Two years ago, the nation’s oldest civil rights organization and oldest university formed a partnership to investigate the persistent racial disparity in HIV/AIDS in the United States.
With the help of national partners from academia, the non-profit sector, government, and medicine, Harvard University’s Center for AIDS Research and the NAACP held a symposium in Boston to offer explanations for why African-Americans make up a startling share of Americans dying of HIV/AIDS.
When this group of experts reviewed the research literature, they verified what AIDS activists have clamored for since the 1980s—that the U.S. needs increased access to care and a comprehensive response to social inequalities to successfully fight AIDS. Although the U.S. has made important steps toward this type of policy response, the current threat of across-the-board budget cuts in Washington threatens to reverse progress toward ending the epidemic and reducing this disparity.
In many respects, African-Americans bear the brunt of the HIV/AIDS epidemic in this country. Accounting for only 14 percent of the population in 2009, black Americans represent a disproportionate 44 percent of new HIV infections. Black Americans are also much more likely to die of the disease than their white counterparts, with blacks making up 57 percent of all HIV-related deaths in 2007. Even more troubling is that the gap in HIV-related mortality rates between blacks and whites has increased more than two-fold since 1985, reflecting continuing inequalities in access to treatment and stark differences in socioeconomic status across races.
Recognizing this, participants in the symposium generated policy recommendations that ranged from including African-Americans in clinical trials for new medicines to integrating African-American studies into public school curricula as a means of empowerment. By and large, these proposals emphasized that social determinants — such as poverty, lack of insurance, discrimination, and inequalities in education — work to create the gap in HIV infection and HIV-related mortality in blacks versus other groups.
For instance, participants highlighted that black Americans are currently more likely to be uninsured than white Americans (20 percent versus 11 percent), making access to HIV/AIDS medications more difficult for African-Americans.
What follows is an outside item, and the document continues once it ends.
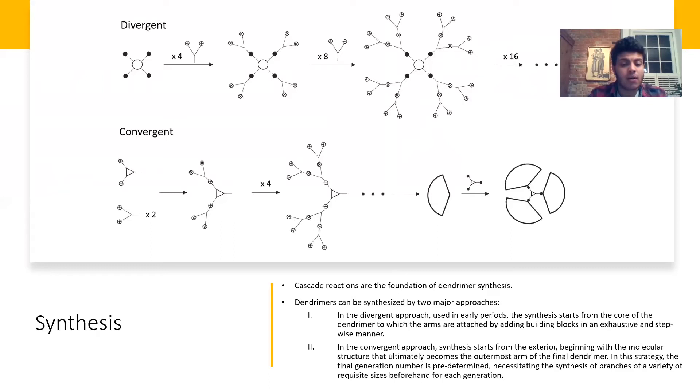Cascade reactions are the foundation of dendrimer synthesis — molecules are added to each other in order to create the branching. This addition comes in two approaches: divergent and convergent synthesis. In the divergent approach, you start from the core and branch outward, which was used in the early periods. In the convergent approach, more common today, you start from the branches and work inward to the core. The convergent approach gives a slight advantage because the final generation number is predetermined.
Black young people are also much more likely to attend public schools, where sex education is neither required nor guaranteed to be funded in more than half of all U.S. states.
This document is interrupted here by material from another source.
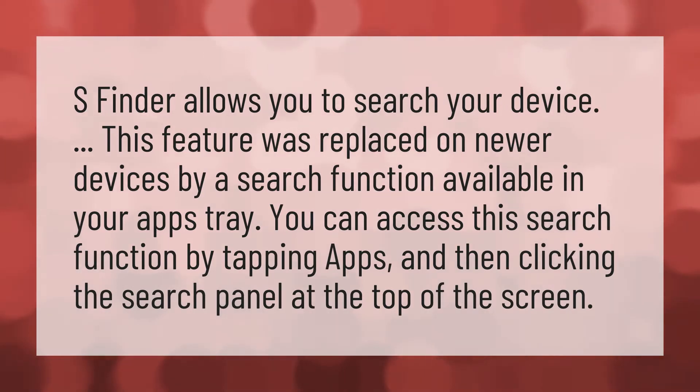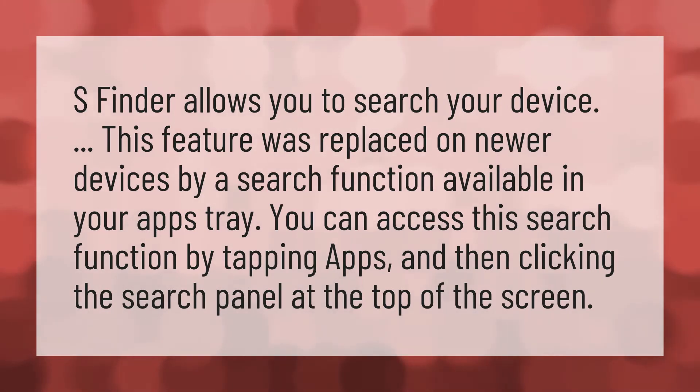S Finder allows you to search your device. This feature was replaced on newer devices by a search function available in your apps tray. You can access this search function by tapping apps and then clicking the search panel at the top of the screen.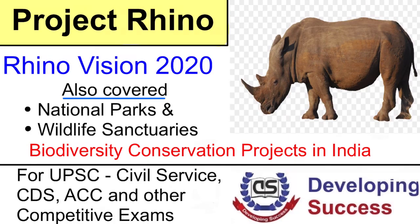Hello everyone, welcome to Developing Success. Today we are going to cover the topic of ecology and environment, and specifically I have taken up the topic of biodiversity conservation.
These social determinants may contribute to the reasons why black Americans are more likely to be “late testers,” or to learn of their HIV status only months before developing full-blown AIDS. Notably, factors like widespread stigma, inadequate access to primary care, and the inability to reveal one’s sexuality to their primary care physician were cited as barriers to diagnosis and treatment for HIV. Ultimately, participants in this symposium — along with several other public health experts and AIDS service providers — have made the case that the role of social and economic inequalities in HIV transmission calls for a broader social policy response to the epidemic.
However, in today’s political environment, where the dramatization of a fiscal cliff and the terror of sequestration keep many policy wonks in the grip of suspense, it is hard to imagine the possibility of fully-funded social policies that begin to truly address the complexity of HIV/AIDS. In fact, with domestic discretionary spending very much on the chopping block — and both Democrats and Republicans responsible for placing it there — the heads of community programs all across the country move forward in a precarious circumstance, not knowing whether the work they do to keep HIV-positive-persons in safe and affordable housing, for example, will exist in the next fiscal year.
However, what is distinct, and hopeful, in the current political landscape is the unprecedented level of institutional and legislative commitment to combating HIV/AIDS and the mesh of social factors driving the epidemic. To their credit, the White House’s Office of National AIDS Policy issued the first National HIV/AIDS Strategy in 2010, explicitly highlighting the need to address disparities in HIV/AIDS, and noting the role of stigma and discrimination in the spread of HIV. With past administrations paying considerable attention to the AIDS epidemic outside of the United States, this marks a major shift in executive-level commitment to the domestic epidemic.
Additionally, as we approach full implementation of the Affordable Care Act (“Obamacare“) in 2014, we can move forward with greater confidence that people living with HIV will no longer be discriminated against by insurers because of their pre-existing condition, and that this barrier of access to care will be removed.
However, other vital federal and state-level public health programs—including Medicaid, the AIDS Drug Assistance Program and the Housing Opportunities for Persons with AIDS program—currently face the threats of cuts with the impending fiscal cliff and require protection from members of Congress.
Following the re-election of a president who understands the social determinants of HIV, we must not forget to address the root causes of the epidemic. Given the evidence of such strong connections between poverty, discrimination and other social inequalities and HIV, this is perhaps the only sure way to combat the spread of the virus and to end AIDS. Even at the edge of this fiscal cliff, the U.S. must keep its commitment to the social policies that will prevent those of us most at risk from falling off.
Alecia McGregor is a Ph.D. candidate in Health Policy at Harvard University
*Disclaimer: This article does not reflect the opinions and views of the NAACP or Harvard University, only those of the author herself.